Talk Back: The Ron Paul Problem
Let’s jump into the visceral disagreement regarding Ron Paul. I love a lot of what Ron Paul says: he stands up for civil liberty, he’s right on reigning in our foreign aid, and he’s the opposite of a flip-flopper. However, the areas where I disagree with Ron Paul combined with the baggage he still hasn’t reasoned his way out of (at least as far as I’m concerned) and his history of making the best the enemy of the good are why I said on-air that I would not like Ron Paul to finish in the top 3 in Iowa. So, here are the 3 reasons I can’t vote for Ron Paul (despite being a small “l” libertarian myself).
1. Courting the wrong crowds
I’m not going to claim that Ron Paul is racist, I doubt that he is. But in the battle with Obama the argument that he is racist will be an easy one for the media to make. Ron Paul continues to make the media’s job easier by responding ineffectually to the accusations. When asked by the New York Times to disavow support from white supremacists, he danced instead of just outright disavowing their support. Also, Ron Paul flirts regularly with the 9/11 Truth movement and although I’m sure there are people who will disagree with me, I find this particular conspiracy one of the most disgusting to make it into the public dialogue. A vote for Ron Paul colors the entire conservative spectrum with this extremist, conspiracist, and idiotic nonsense.
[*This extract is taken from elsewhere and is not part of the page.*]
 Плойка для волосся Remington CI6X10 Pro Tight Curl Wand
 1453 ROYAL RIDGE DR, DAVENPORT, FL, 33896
Ron Paul consistently makes the argument against wars and military actions that do not have the approval of congress. He tries to defend this point by arguing that his position is constitutional. Although congress has the right to declare war, it is incongruent with history to see this as the only way. Both John Adams and Thomas Jefferson involved themselves in undeclared conflicts. There have been at least 140 such conflicts over the course of our history including our early confrontation in Tripoli. Furthermore, requiring congressional approval drastically reduces response time and in an age with anti-ballistic missiles, drones and cyber conflicts I can imagine too many threats that will need an immediate response. If Ron Paul were president Osama Bin Laden would still be alive, because by the time our resolution was passed he would be long gone.
3. The letters
I’m going to take Ron Paul at his word that he did not write the letters that he profited on back in the 80’s and 90’s (The Christian Science Moniter has copies of the letters for all to read). He has claimed publically that the racially inflammatory language used in some of these letters was “terrible.” My problem is that he let these letters slide through at all. He claims he was busy working at the time which I will accept, but as President of the U.S. he will be held responsible for even more than his own business. If we can’t hold Ron Paul responsible for the articles written in his name, we should at least hold him responsible for badly managing his employee (the ghostwriter) and for not having the sense of responsibility to read his own letter. The president of the United States is in many ways a manager, and this letter debacle shows extreme mismanagement.
So that’s my opinion on Ron Paul. I'm sure I've stirred up enough hornet's nests already, so I'll stop here. Let's hear what you have to say.